In this project I used convolutional neural networks to try to detect facial keypoints on a dataset of images.
For this project, I used the IMM Face Database, which contained 240 facial images of 40 people. For each person there were 6 images takeen from different viewpoints. I created a convolutional neural network to detect the tip of people's noses.
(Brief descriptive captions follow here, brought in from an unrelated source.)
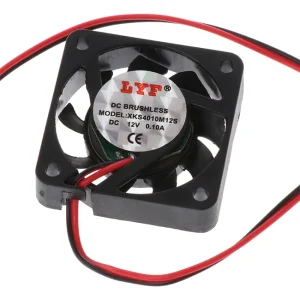 Mini Ventilador Cooler 4010 12V DC 40x40x10mm 2 Pines Brushless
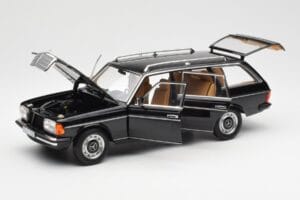 Mercedes 200 T S123 Juodas Norev 1:18 183735 Metalas - nuotrauka 2 iš 8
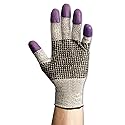 Jackson Safety 97432CT G60 Purple Nitrile Gloves Large/Size 9 Black/White 12 Pair/Carton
First, I created a custom dataloader. I began by first resizing the images to be in dimensions 80x60, converting them to black and white, and normalizing to reduce variation between images. My dataloader loaded both the image and nose keypoint for each facial image.
|
Then I wrote a convolutional neural network. My network has 3 convolutional layers followed by 2 fully-connected layers. I used a BATCH_SIZE = 25, NUM_EPOCHS = 10, and LEARNING_RATE = 0.001. I plotted the training vs. validation rates below.
|
Some of my results are displayed below. My CNN performed fairly well on images where the subject was facing forward, but not as well for images where the subject was turned toward the side. I think it is because there is more data of the subjects facing the camera straight-on then there is of them in other poses.
|
For Part 2 of the project, I expanded upon my nose-detection network to detect all 58 facial keypoints. Below are a couple sample images with all 58 ground-truth keypoints.
|
In order to get more data, I used data augmentation to create "new" data by making minor alterations to my dataset. For every input image from the original dataset, I created 5 new images, each rotated randomly by some amount of degrees in [-15, 15]. I also increased my image size from 80x60 to 160x120. Here are some samples of my augmented dataset.
|
With a larger image size, I needed to change the design of my neural network. I increased it to have 5 convolutional network layers, and kept the 2 fully connected layers. I tried adjusting batch size, epoch size, learning rate, and the inputs/outputs of my convolutional layers. I decided on BATCH_SIZE = 10, NUM_EPOCHS = 20, and LEARNING_RATE = .0001.
|
Here are some of my better results.
|
|
Here are some of my not-as-good results.
|
|
Similar to the previous part, the neural network performed poorly for images where the subject was turned away from the camera, or more offset from the center of the image.
Here is a visualization of my convolutional layers:
|
|
|
|
|
I really struggled to get results I was happy with for this part. I tested tried adding more layers, tried increasing and decreasing the learning rate, adjusted batch size, and the size of the convolution layers. If I had more time, I woudl have liked to try more methods to improve my results. I'd like to try more data augmentation approaches including shifting images and adjusting the colors. I'd also like to try implementing an adaptive learning rate. I'd have liked more time to further tune my parameters and try more methods of increasing the quality of my predictions, but I did the besst that I could.